BEGIN

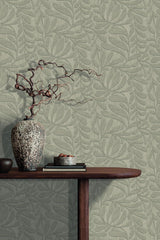 Veer Decor Carved Foliage Warm Grey Wallpaper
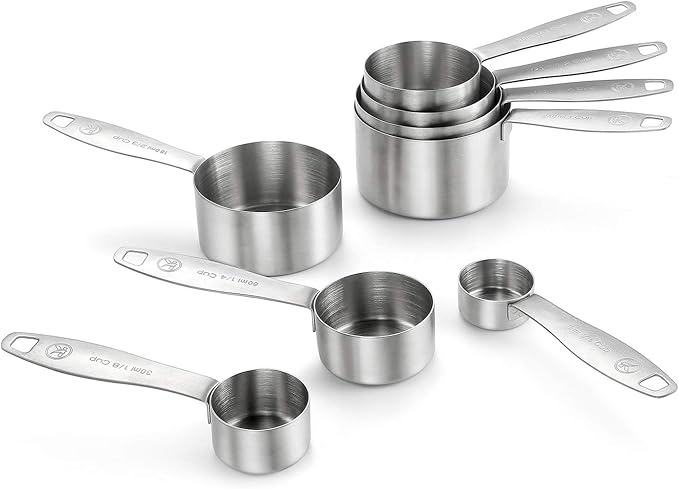 Stainless Steel Measuring Cups, 8 Piece Heavy Duty Measuring Cups Set in 18/8 Steel with Ergonomic Handle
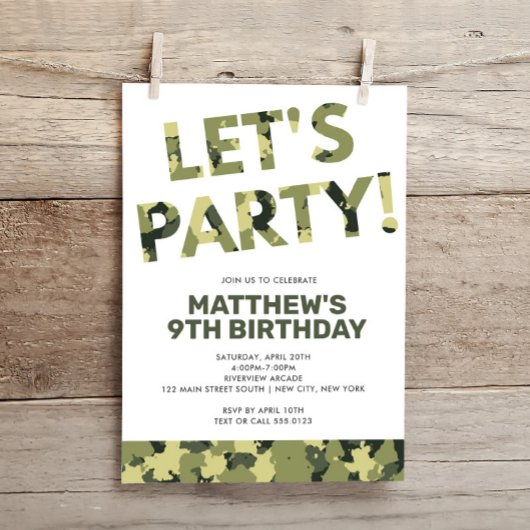 Camouflage Birthday, Laten we de Groene Camo van d Kaart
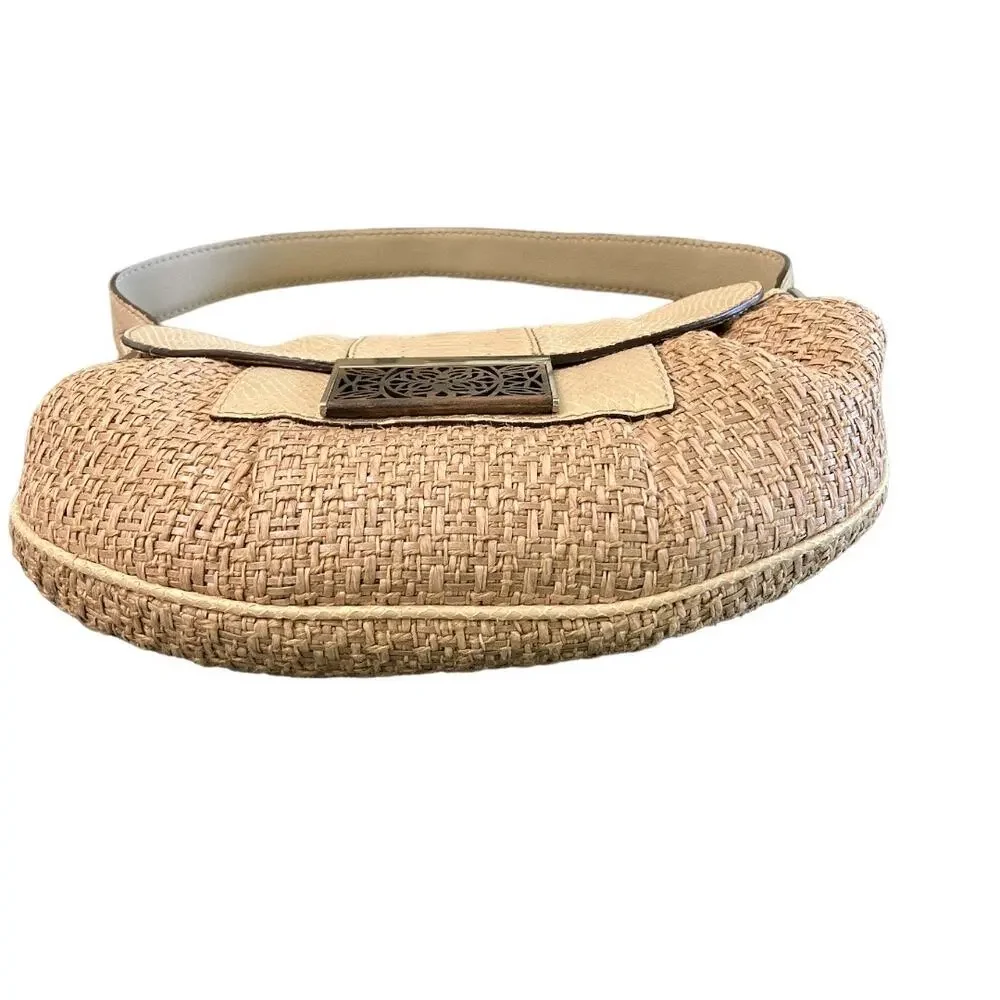 Calvin Klein Snakeskin Print Woven Hobo Bag Beige and Tan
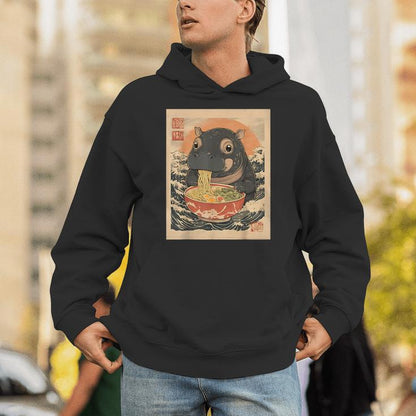 Moo Deng Hippo Eat Ramen Japanese Kawaii Anime Unisex Hoodie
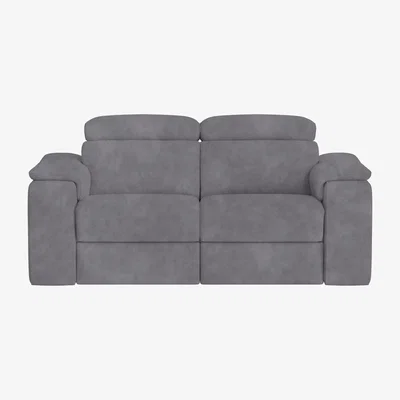 Furniture Village Nicoletti Italia - Davide 2 Seater Fabric Power Recliner Sofa - Selma Topo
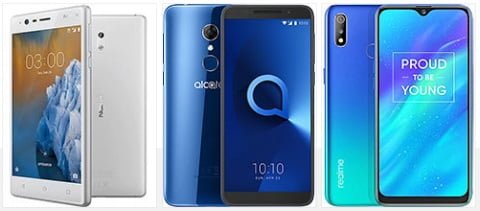 Nokia 3 • Alcatel 3 • Realme 3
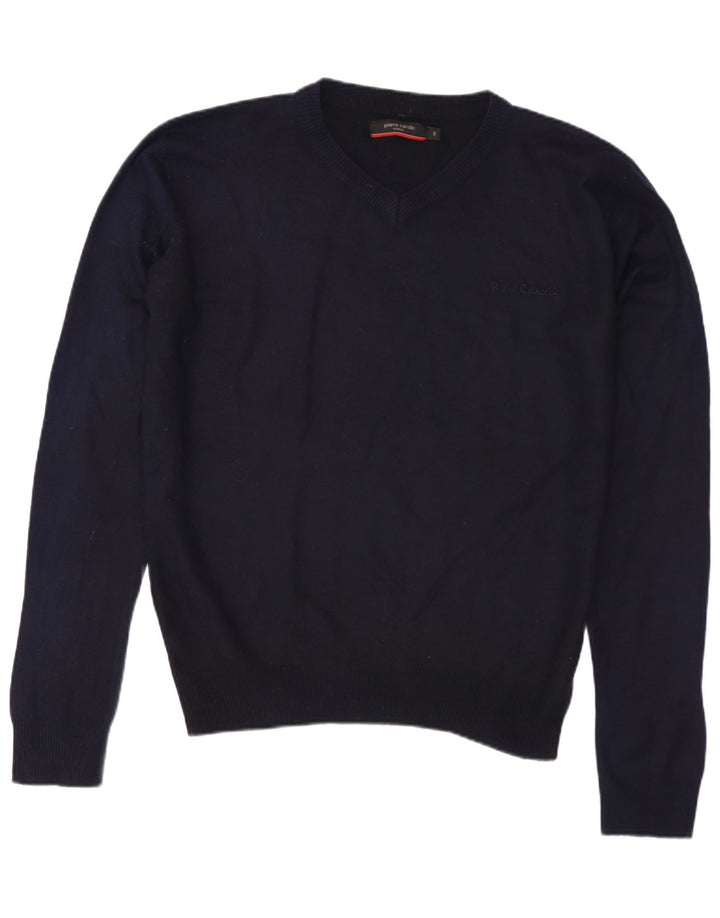 PIERRE CARDIN Suéter masculino com decote em V pequeno azul marinho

END

**DIRECTIONS FOR THIS TASK**
Nothing but the lines from the one containing "Calvin Klein Snakeskin" through the last line of the listing should be copied, each word for word and without pictures.

**WRITTEN ANSWER**
 Calvin Klein Snakeskin Print Woven Hobo Bag Beige and Tan
 Moo Deng Hippo Eat Ramen Japanese Kawaii Anime Unisex Hoodie
 Furniture Village Nicoletti Italia - Davide 2 Seater Fabric Power Recliner Sofa - Selma Topo
 Nokia 3 • Alcatel 3 • Realme 3
 PIERRE CARDIN Suéter masculino com decote em V pequeno azul marinho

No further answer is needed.